(Beginning of GIVEN RECORDS)

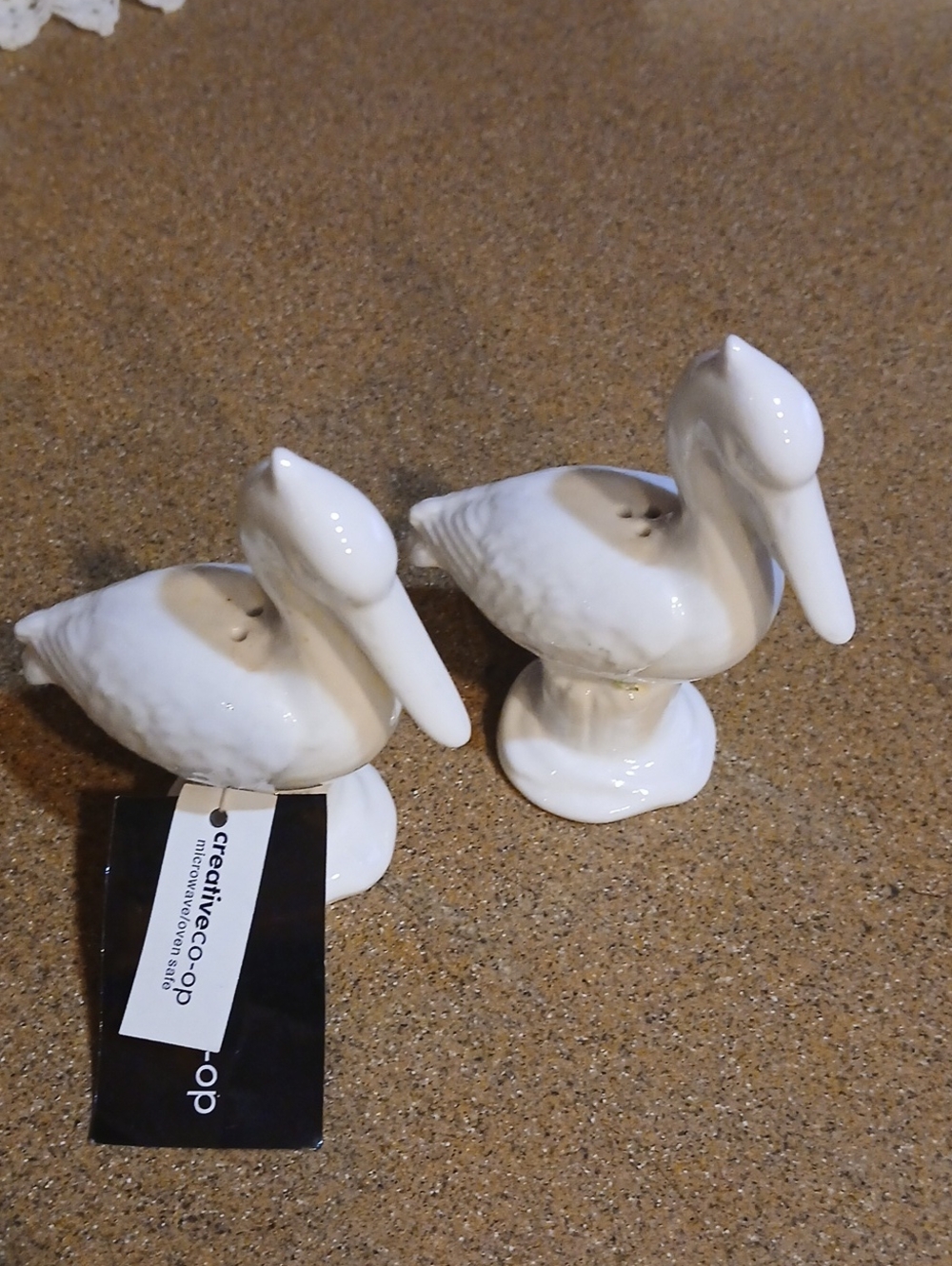 Creative Co-Op White Ceramic Pelican Salt and Pepper Shakers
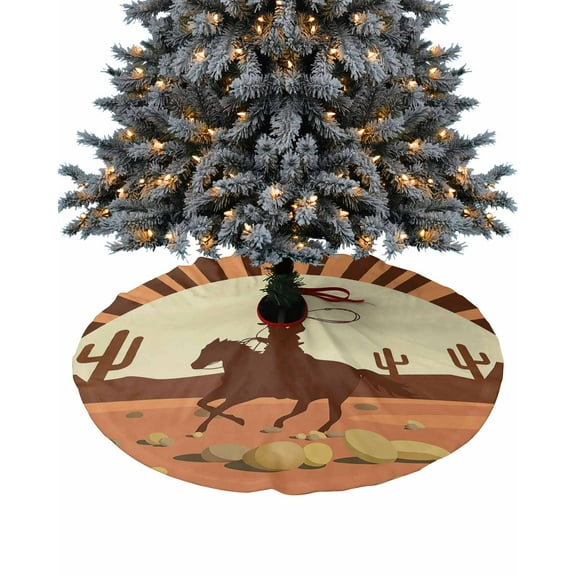 Western Cowboy Christmas Tree Skirt 48 Inches Large Christmas Skirt Tree, Brown Orange Striped Abstract Art Tree Skirt Christmas Decorations for Fireplace Party Holidays Indoor Outdoor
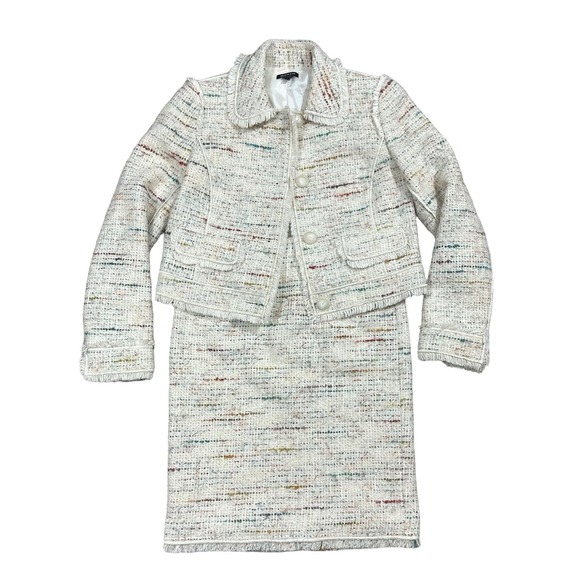 Worth NY Tweed and Glitter Blazer and Skirt Suit Set - Picture 1 of 8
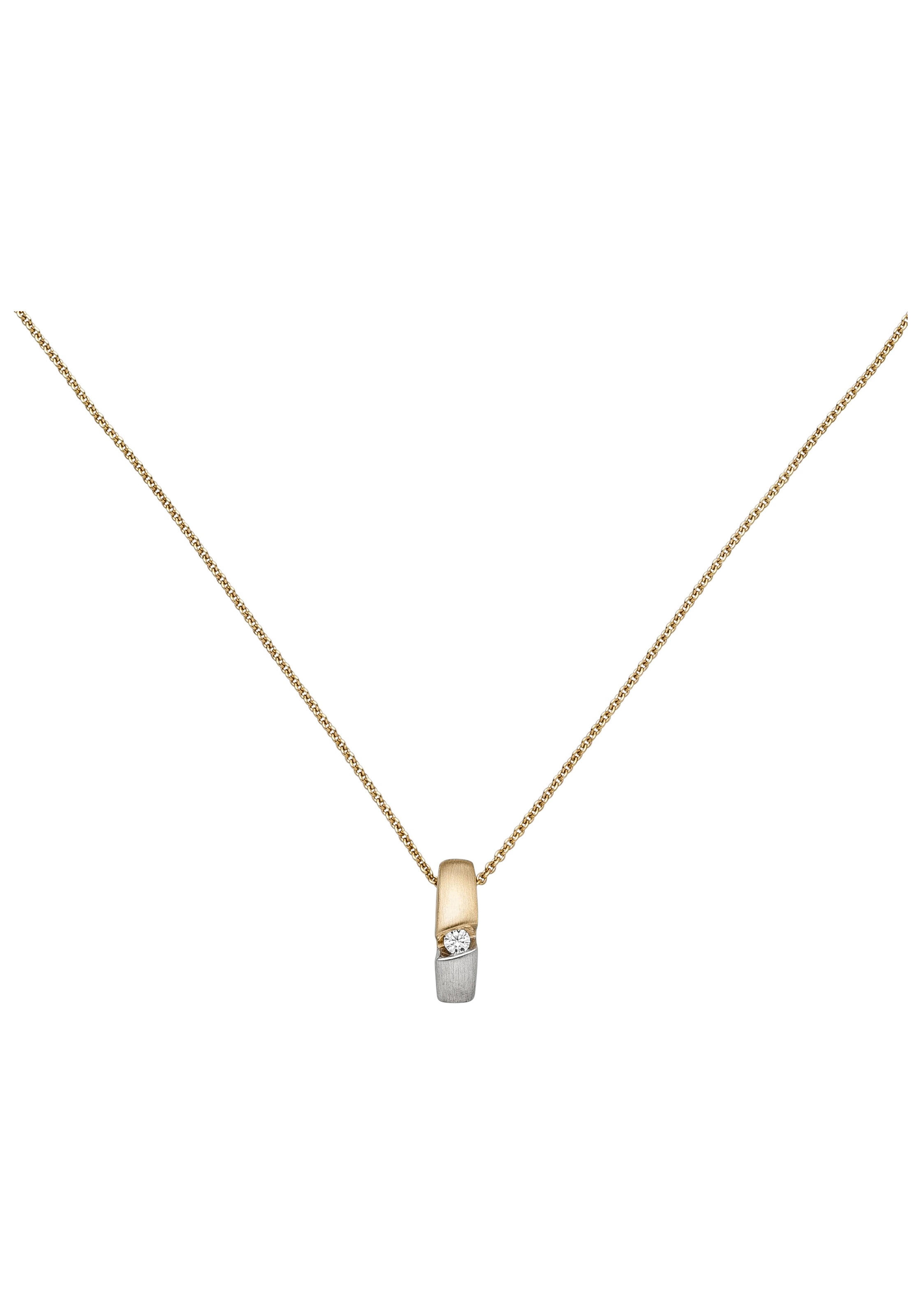 JOBO Kette mit Anhänger, 585 Gold bicolor mit 1 Diamant 43 cm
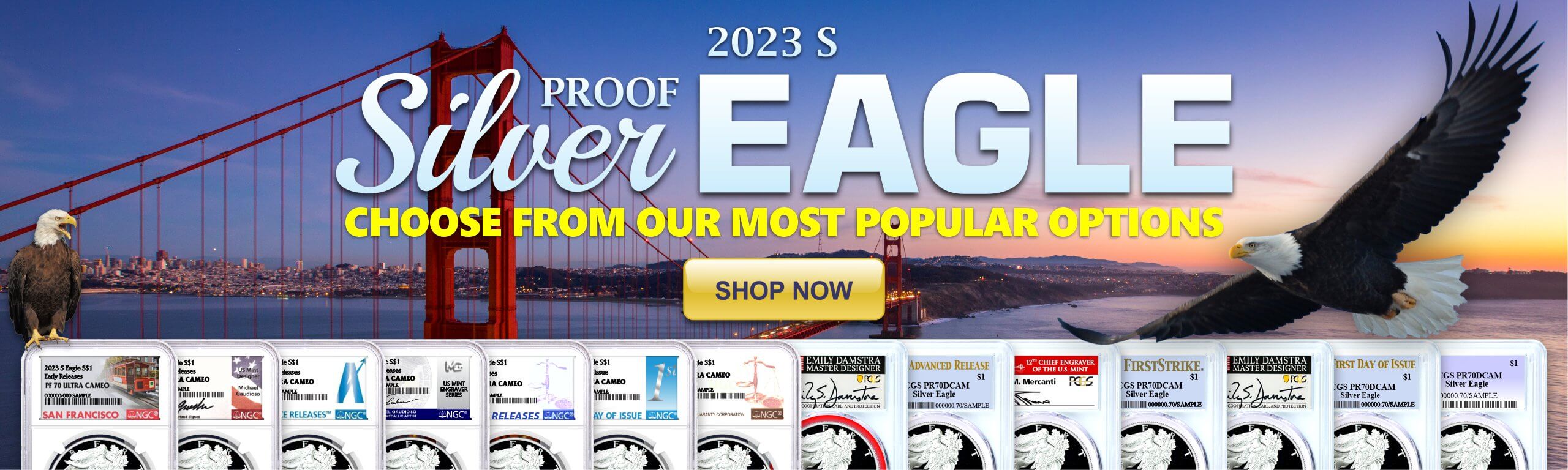 Advanced Release 2023 S Proof Silver Eagles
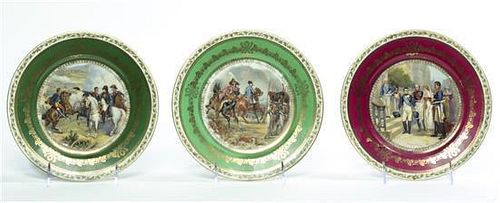 A Set of Six Continental Porcelain Plates, Diameter 8 1/2 inches.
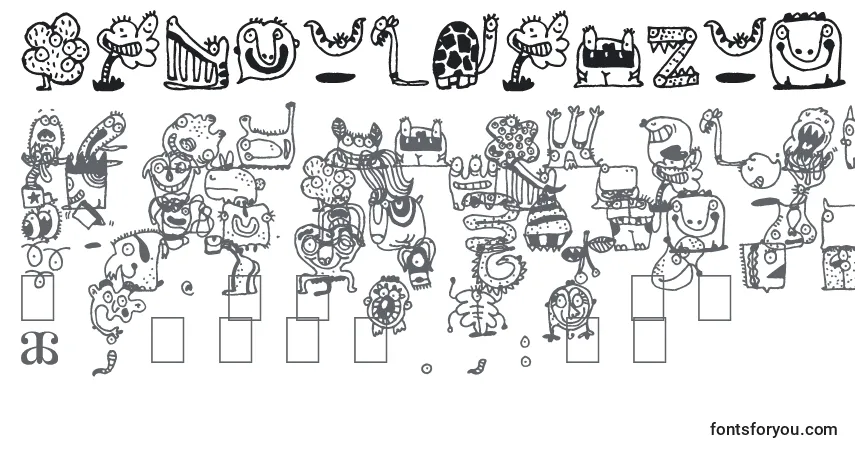 Schriftart Monsterocity – Alphabet, Zahlen, spezielle Symbole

(End of GIVEN RECORDS)

**TASK OBJECTIVE:** Once the pictures are set aside, transcribe the remaining lines above exactly.

**RESULT:**
 Creative Co-Op White Ceramic Pelican Salt and Pepper Shakers
 Western Cowboy Christmas Tree Skirt 48 Inches Large Christmas Skirt Tree, Brown Orange Striped Abstract Art Tree Skirt Christmas Decorations for Fireplace Party Holidays Indoor Outdoor
 Worth NY Tweed and Glitter Blazer and Skirt Suit Set - Picture 1 of 8
 JOBO Kette mit Anhänger, 585 Gold bicolor mit 1 Diamant 43 cm
 Advanced Release 2023 S Proof Silver Eagles
 A Set of Six Continental Porcelain Plates, Diameter 8 1/2 inches.
 Schriftart Monsterocity – Alphabet, Zahlen, spezielle Symbole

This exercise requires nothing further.